One of the grand pleasures of my job is having the opportunity to welcome a newly accredited school into the AACSB family. It is an even greater honor when it is the first AACSB-accredited school in the country. Through diligent preparation, thoughtful strategy, and with an eye on innovation for a competitive future, Universiti Putra Malaysia (UPM) became the first school in Malaysia and seventh in South Asia to earn AACSB Accreditation. I offer hearty congratulations to UPM and welcome them to the AACSB global network of accredited schools. I look forward to watching as UPM helps other schools in Malaysia in the accreditation process.
UPM had a surprise for the filled-to-capacity press conference where its accreditation was announced, and it was a big one. The Universiti Putra Malaysia Graduate School of Management has been granted authority to go private, and is now known as Putra Business School (PBS) governed by a private foundation. Its dean, Arfah Salleh, is PBS' president and CEO. Dr. Salleh and the PBS board will have complete autonomy from the public university governance structure and be free to compete, set prices, and launch programs and other initiatives as it sees fit.
There have been other successful (and unsuccessful) attempts by business schools to "go private." The University of Virginia's Darden School and University of Michigan Ross School of Business in the U.S. have taken the plunge to private funding, and Minnesota Carlson is evaluating a privatization strategy. Yet, UCLA Anderson's effort to shed public funding and gain more autonomy has stalled.

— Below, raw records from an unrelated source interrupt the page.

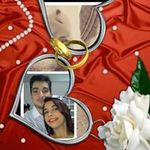 Marcyany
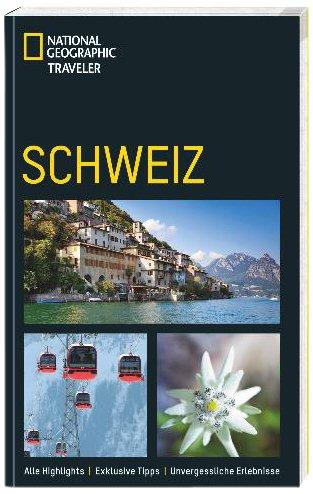 Schweiz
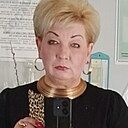 Марина, 48 лет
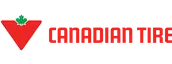 Canadian Tire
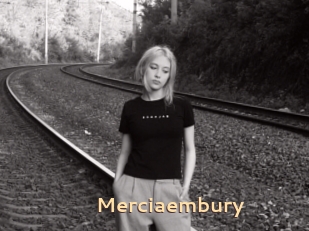 Merciaembury
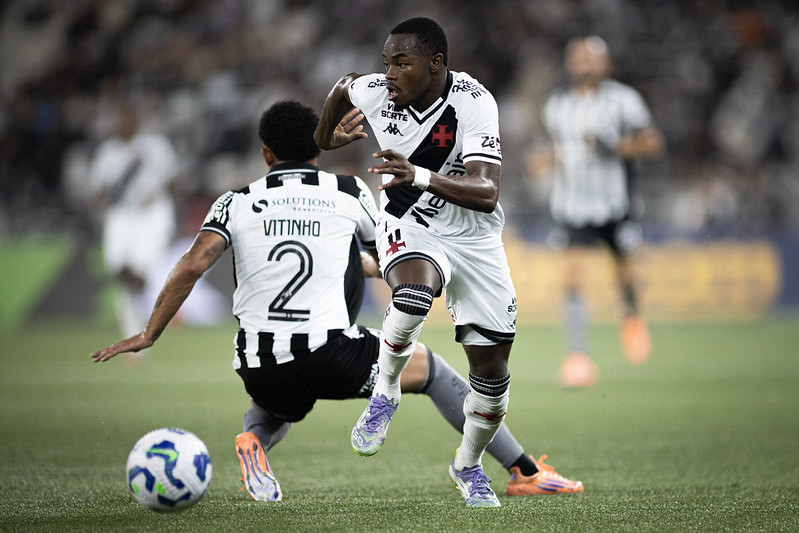 image para ilustrar o artigo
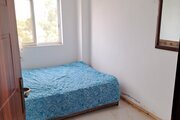 آپارتمان مبله 2 خواب ساحلی دریائی 14 در محمودآباد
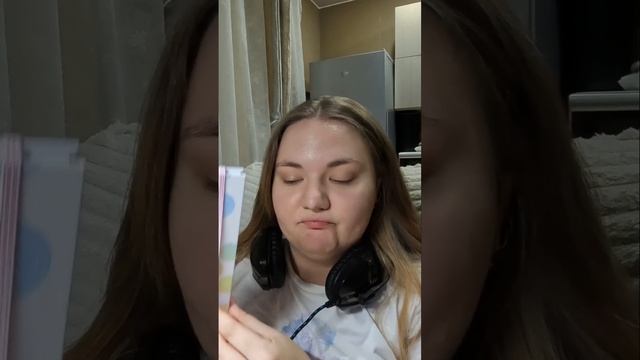 #shorts #shortvideos #me #new #news #newvideo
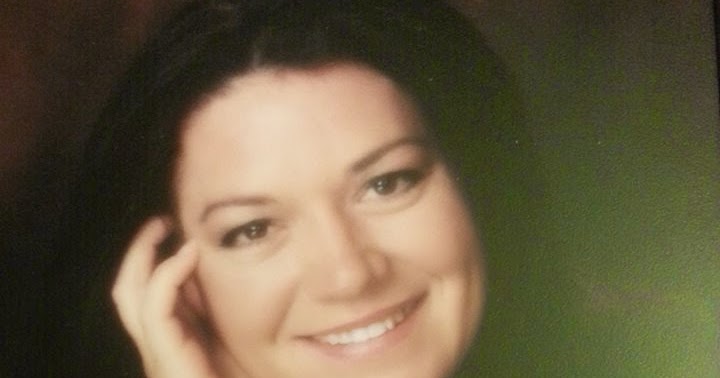 Explicit wait. Jane talk. Jane negotiates.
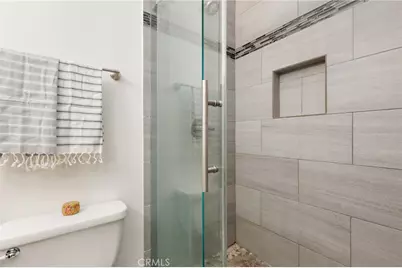 17926 Irvine Boulevard, Tustin, CA 92780 - Photo 25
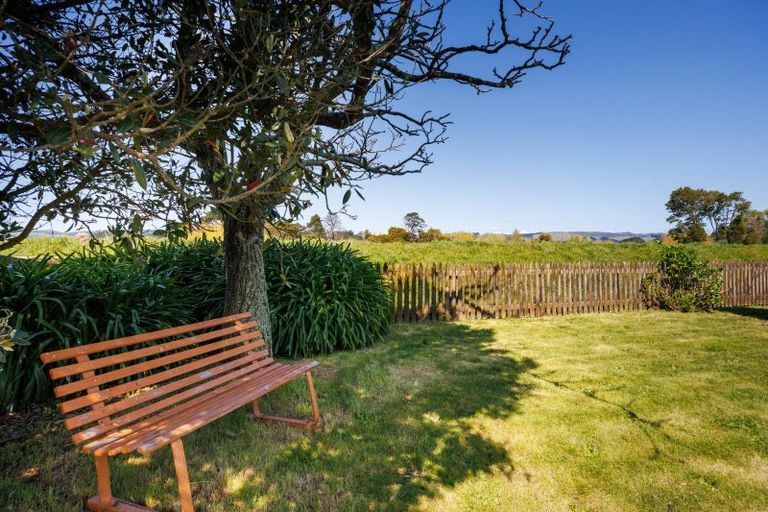 Photo of property in 59 Waterloo Crescent, Hokowhitu, Palmerston North, 4410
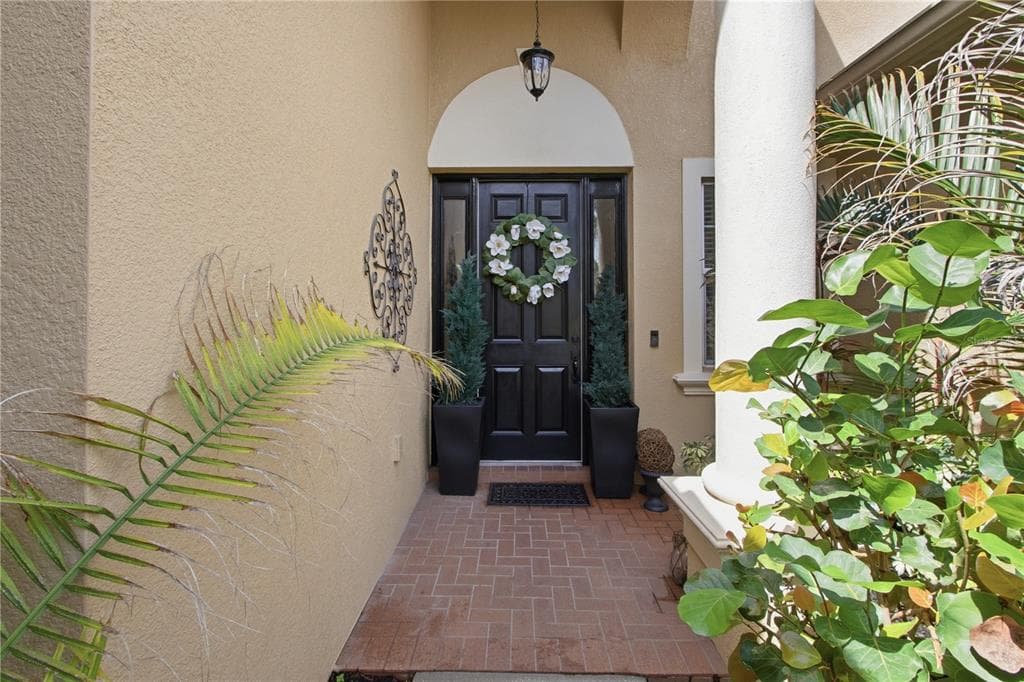 3431 DIAMOND FALLS CIRCLE, LAND O LAKES, FL 34638 — zdjęcie 2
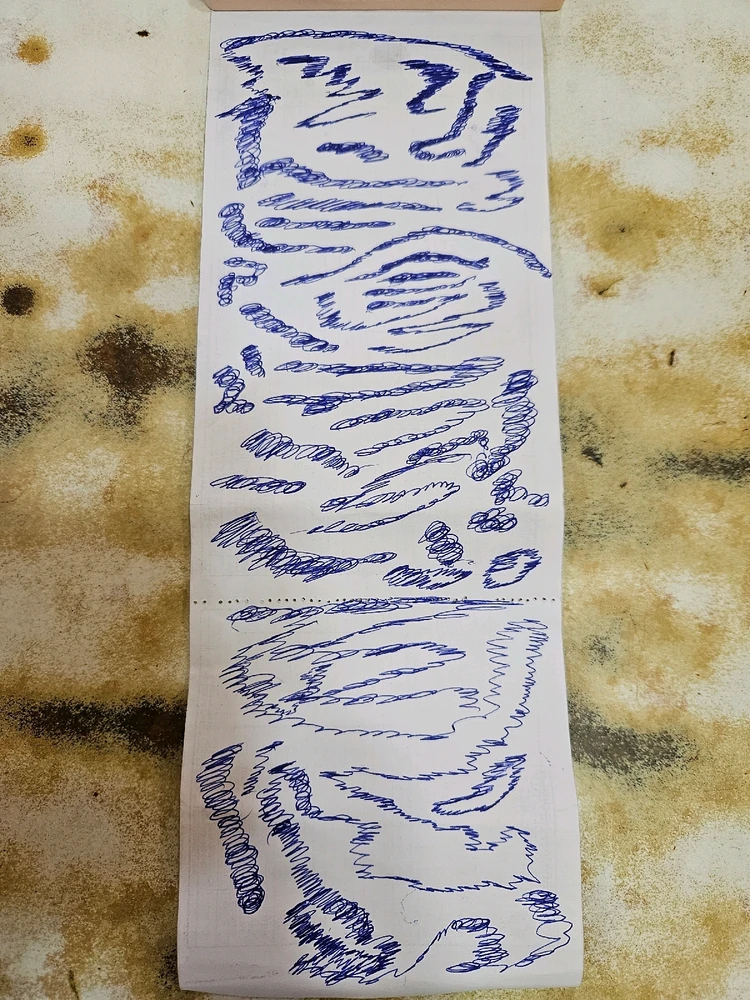 Pavan द्वारा अपलोड की गई तस्वीर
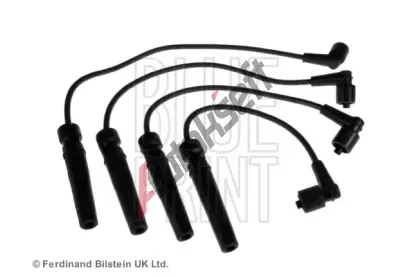 BLUE PRINT Sada kabel pro zapalovn BLP ADG01624, ADG01624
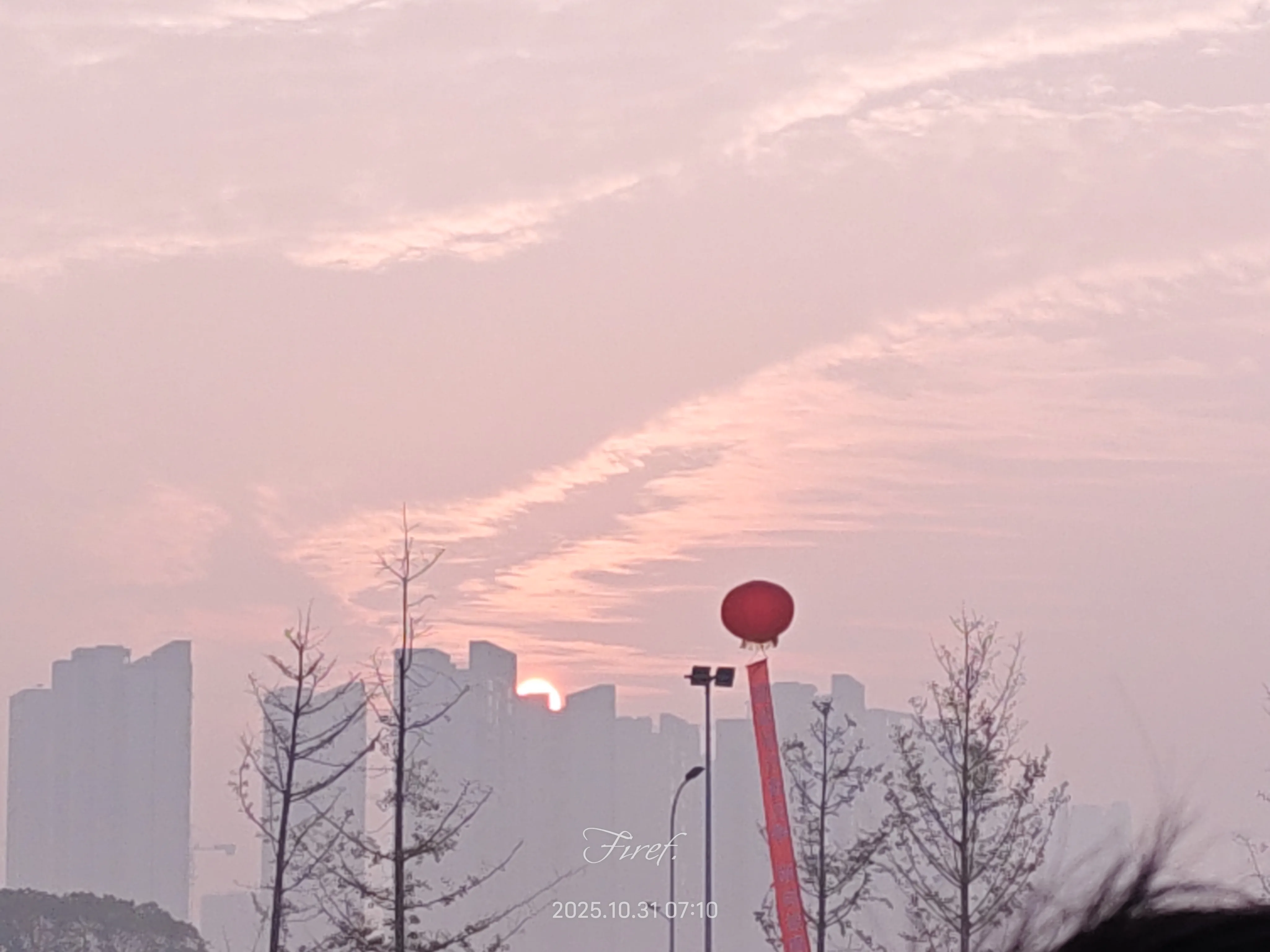 IMG_20251031_071045.webp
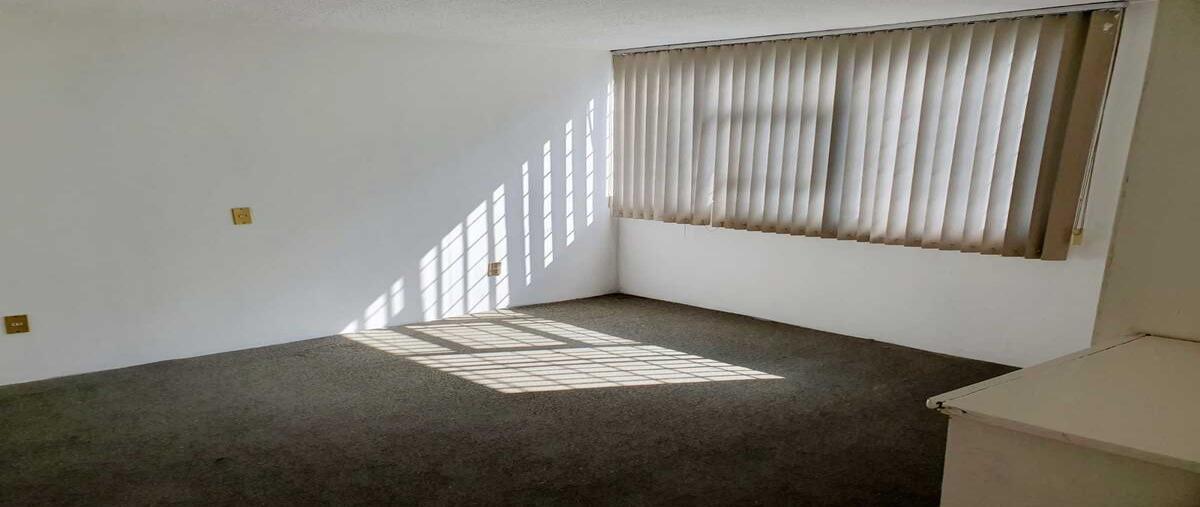 Foto de casa en venta en las haciendas , san francisco coaxusco, metepec, méxico, 0 No. 04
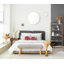 Housse et insert de coussin décoratif en polyester-1113993843-1103752441-1113993854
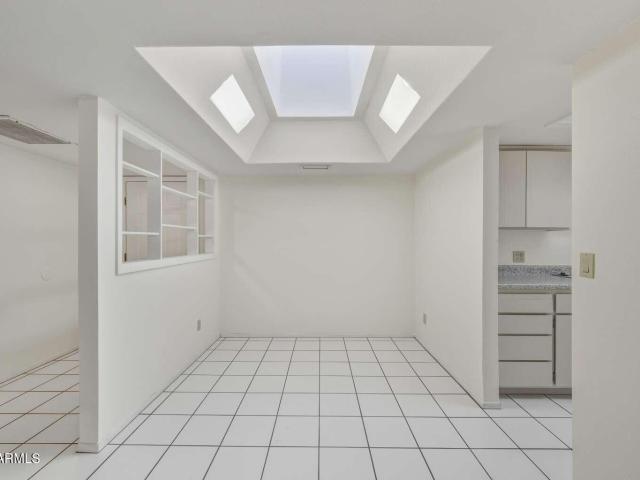 House for sale in Mesa, Arizona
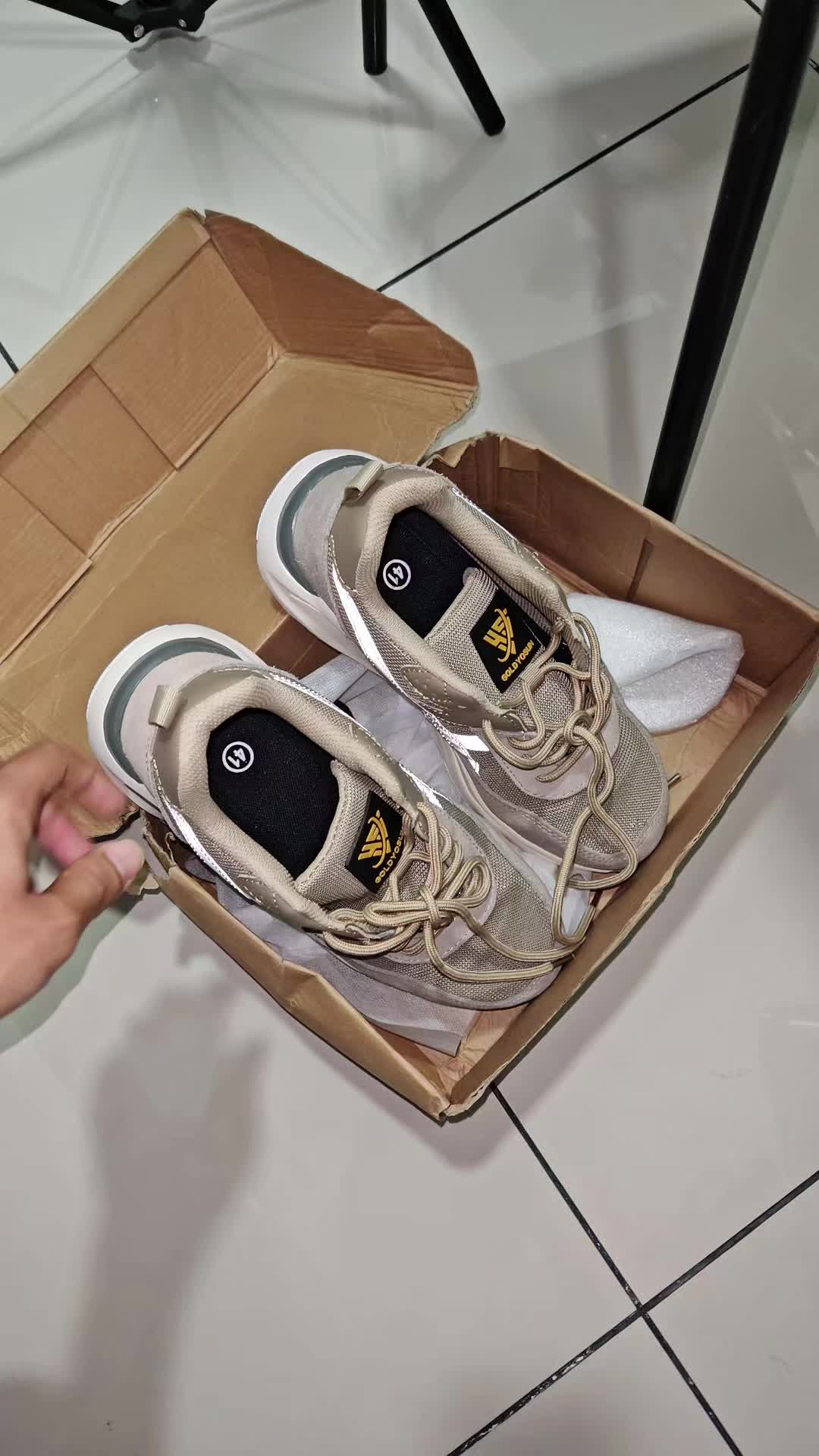 @MI 🇲🇾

"Going private" is akin to the old adage, "going it alone." It has its pluses and minuses. In the right situation, privatizing the business school can clarify brand and facilitate quick, market-responsive actions, thereby enabling the school's competitiveness. While not for every school or student, for that matter, it is certainly an alternative that, particularly graduate business schools, may see as a potential infusion to their competitive position and financial stability.
Business schools would be well-advised to consider their position in an increasingly global student and placement market. What makes the school unique or at least distinct? What does it do well within its global peer group? While the answers will vary, it is important that each school tells its own story clearly and convincingly. AACSB's global business school data base includes well over 700 schools enabling benchmarking from Massachusetts to Malaysia. Take advantage of it and mind the mission. It could make a world of difference! Oh, and public business schools should see whether the private funding model makes sense in their environment. It is not for everybody, yet it just might work for some.